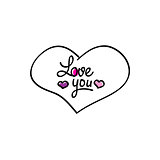 Hand-drawn vector heart love you icon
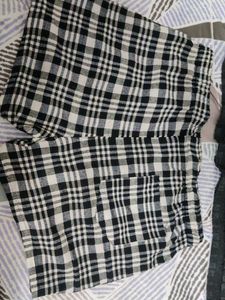 Black &amp; White Plaid Shorts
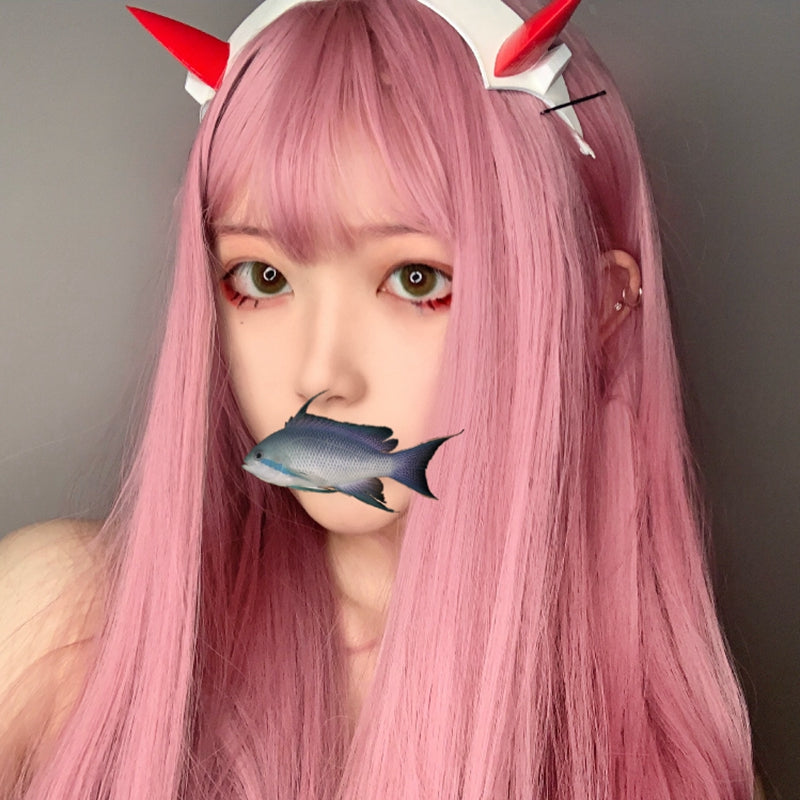 Pink long straight hair HA0055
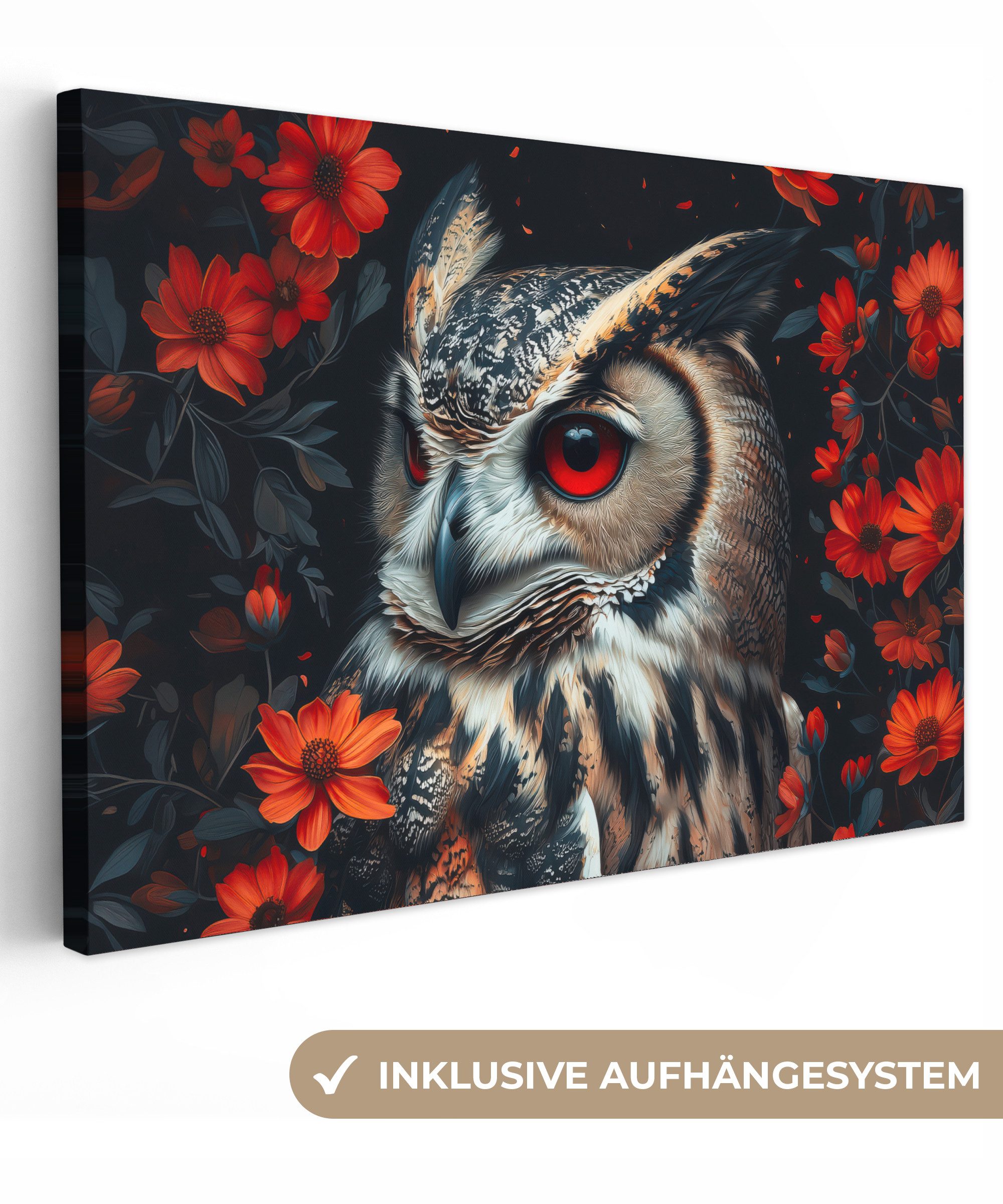 OneMillionCanvasses® Leinwandbild Eule - Waldtiere - Rote Blumen - Natur, F günstig online kaufen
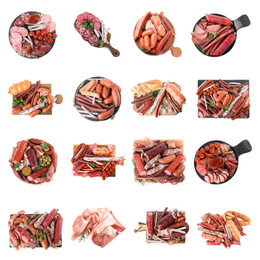 Set with different tasty sausages on white background, top view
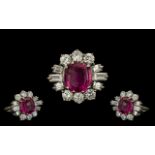 18ct White Gold - Superb Quality Pink Tourmaline and Diamond Set Cocktail Ring, The Faceted Pink
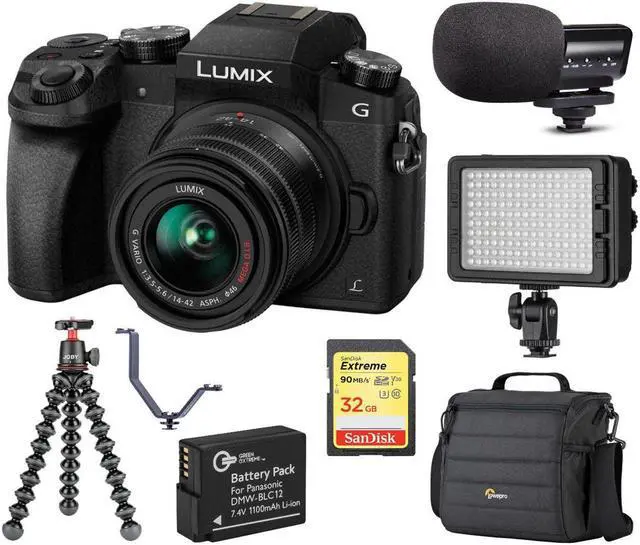 Main image of Panasonic Lumix DMC-G7 Mirrorless with 14-42mm Lens Black With Accessory Bundle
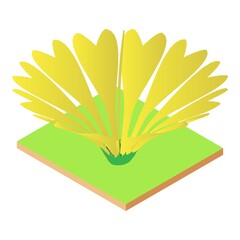 Yellow flower icon. Isometric illustration of yellow flower vector icon for web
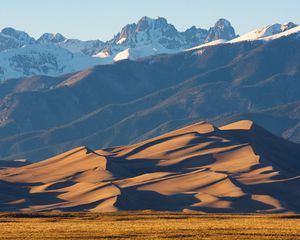 Preview wallpaper sand, mountains, hills, snowy, slope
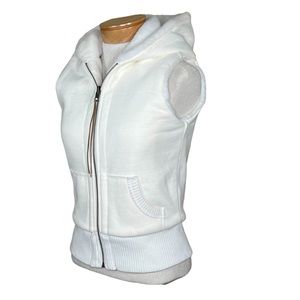 NWOT Old Navy Ivory Faux Fur Lined Hooded Reversible Vest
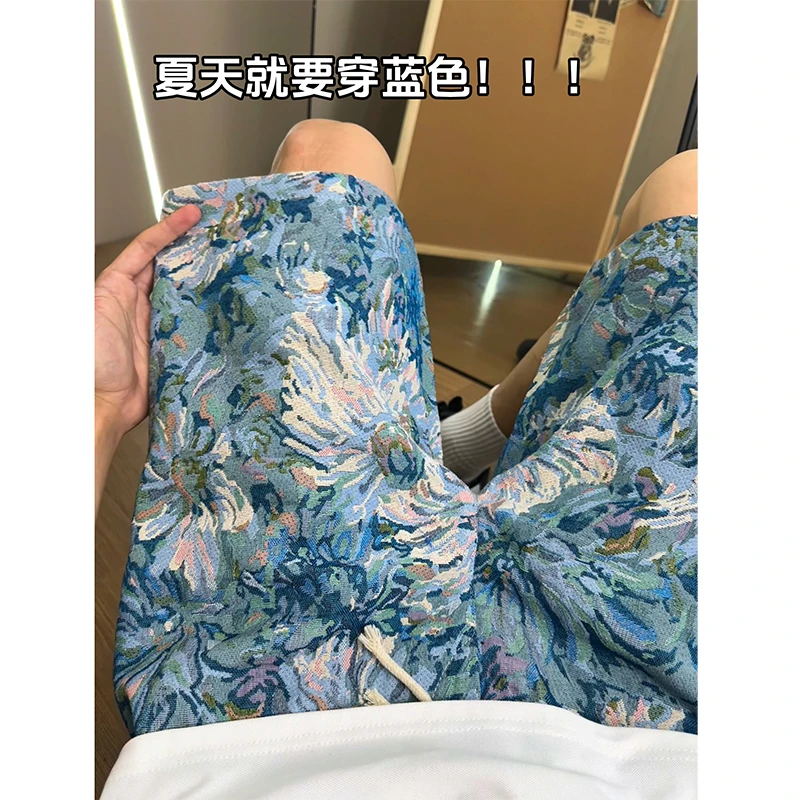 夏威夷油画向日葵针织短裤男夏季复古沙滩裤子潮牌阔腿美式五分裤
+---+
* WHAT YOU SHOULD DO
All lines from the one containing "Preview wallpaper sand, mountains, hills, snowy, slope" through the end of the data are to be restated exactly, with nothing else and without the pictures.

* ANSWER TO THE PROBLEM
 Preview wallpaper sand, mountains, hills, snowy, slope
 NWOT Old Navy Ivory Faux Fur Lined Hooded Reversible Vest
 夏威夷油画向日葵针织短裤男夏季复古沙滩裤子潮牌阔腿美式五分裤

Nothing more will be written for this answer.